Re: Strategies for DR recovery of large clients: More Ideas

Some more ideas:

We put the TSM server in its own storage pool.  We do a force move data of
all tapes in the offsite each week, that keeps it essentially on one tape
and the process is quite fast.  I have a perl script that figures all this
out and does the move data reconstruct commands.  It is relatively easy to
do this.  The other piece is we use mksysb to restore our TSM server not the
TSM server itself.  That makes the recovery of the TSM server quick for one
that has a 100GB database.  We do the mksysb restore which has all the
scripts on it for the rest of the DR restore (all clients and the server).
Restore the database using the TSM Server DSMSERVER RESTOREDB and we are
set.  The TSM server backup of itself is used only if there is a file that
we need a copy of that is not on the mksysb.  I have nearly automated the
mksysb process to use a TSM storage pool to manage the tapes that has a
bunch of empty private tapes assigned to it.  The perl script to do the
management is in testing.  It will support doing the mksysb and managing the
checkout and checkin automated by just kicking off the script.

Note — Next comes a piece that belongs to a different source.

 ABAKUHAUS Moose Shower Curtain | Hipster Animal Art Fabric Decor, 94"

Some things we are toying with.  We are thinking if we create a balanced set
of storage pools on tape and do a restore storage pool to disk, then restore
the clients, that this is a good way to go.  We have not tested it yet.  The
issue is that active and inactive data are restored, but if you plan your
storage pools by priority and have enough disk at the DR site to restore the
storage pool for the largest one, then you can just delete the storage pool
when you have finished that particular restore (may require a dummy
migration).  We had considered asking for the restore storage pool to only
restore active files, but the problem is it is impossible to accomplish with
the way aggregates are managed and have any kind of performance.

So our proposed method is:
Restore the storage pool to the primary pool on disk.
Fire up the clients to restore their root/c: drives (many at once).
Then, use tape to restore the databases (they are in different storage
pools).

This may seem like a hokie way to accomplish something but I am from
Virginia and the Hokies are our team.  So we think we can win with this.

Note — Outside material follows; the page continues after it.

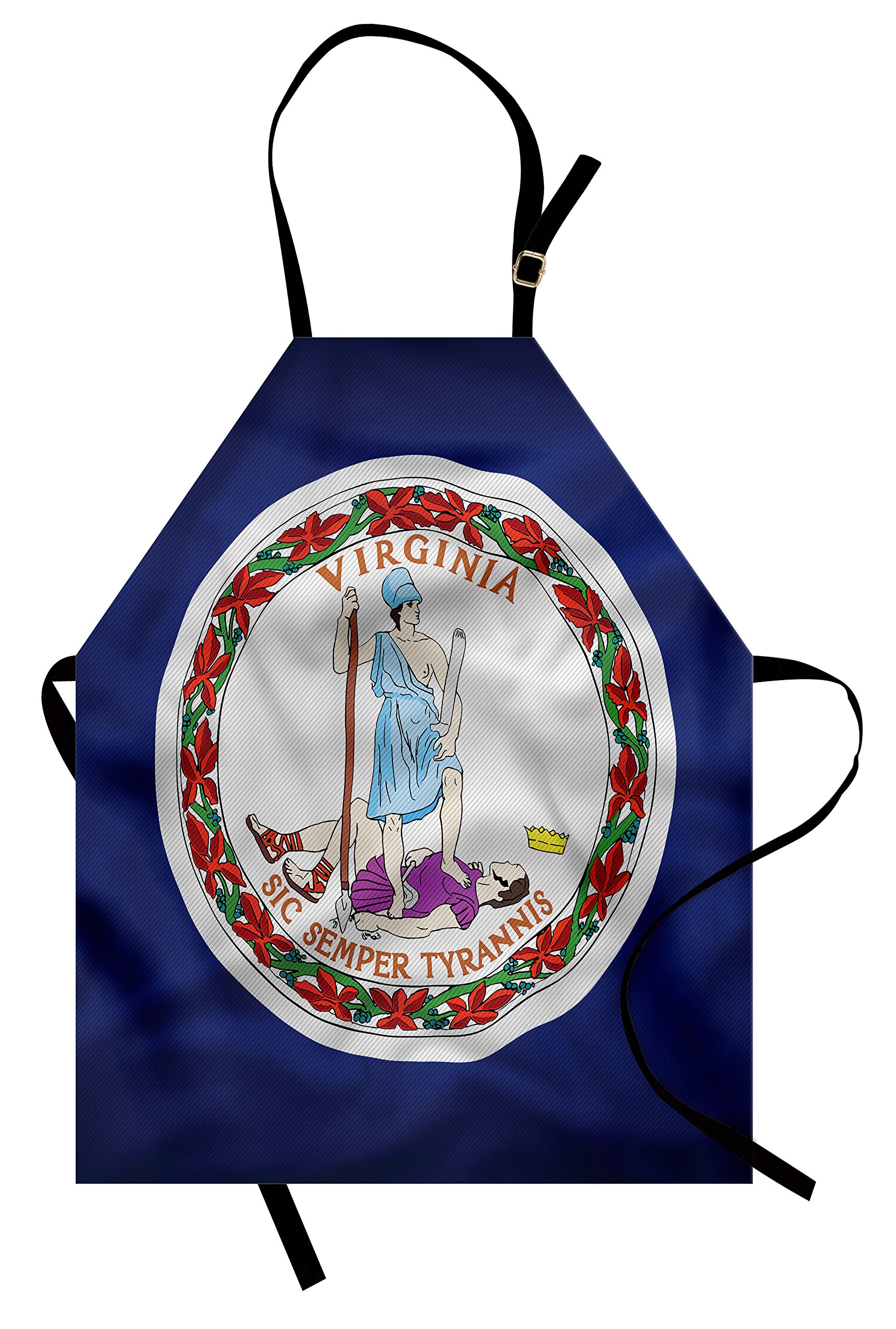 LunarableAmerican Apron, Virginia Flag Latin Motto Sic Semper Tyrannis Thus Always to Tyrants, Unisex Kitchen Bib with Adjustable Neck for Cooking Gardening, Adult Size, Royal Blue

Anyone else have some ideas?

Paul D. Seay, Jr.
Technical Specialist
Naptheon Inc.
757-688-8180


-----Original Message-----
From: Robin Sharpe [mailto:Robin_Sharpe AT BERLEX DOT COM]
Sent: Tuesday, September 10, 2002 12:03 PM
To: ADSM-L AT VM.MARIST DOT EDU
Subject: Re: Strategies for DR recovery of large clients


Werner,

I feel your pain...  ;)

You have hit most of the major issues of disaster recovery with TSM squarely
on the head.  We have had similar experience in our testing... 4-6 hours to
get the TSM server up, running through loads of tapes (even though storage
pool is collocated with only three servers), 48-hour window, etc.

We have proved that we can get our three critical clients back within 24
hours, but they are not nearly as big as yours.  We use DLT8000 drives.

Probably the best way for you to get better restore throughput is to add
more drives and do concurrent restores.  TSM should only mount the tapes
that actually contain the file versions you will restore.  The problem is
that, even with collocation, after many months of backups on a relatively
active system, these files will get scattered across many tapes.
Conventional wisdom suggests using collocation by filespace to reduce this
effect... and also guarantee that concurrent restores of different file
systems will not compete for the same tape volume.  But the cost is of
course using a lot more tape.  Another approach might be to occasionally
(every three months maybe) do a "full" backup (by changing mode to
"absolute" to force even unchanged files to get backed up)... this should
effectively "defragment" the tape pool and put all active versions on one
(or a couple) tape.  We did this once with an additional machine that we
DR'ed and it worked quite well.  Some people don't like this concept because
it defeats TSM's "progressive" backup methodology, but I think its an
acceptable compromise.

As you said, backup sets are not a good option for DR... for one thing,
creating the backupset will take as long as restoring the whole system, and
will read the same number of tapes.  You will suffer this on a regular
schedule since you'll have to make new backupsets probably every week or
two.  Secondly, restoring from backupsets effectively single-threads that
client because all of it's data is on one or maybe two tapes.

Good luck, and please keep us posted on your results!

Robin Sharpe
Berlex Labs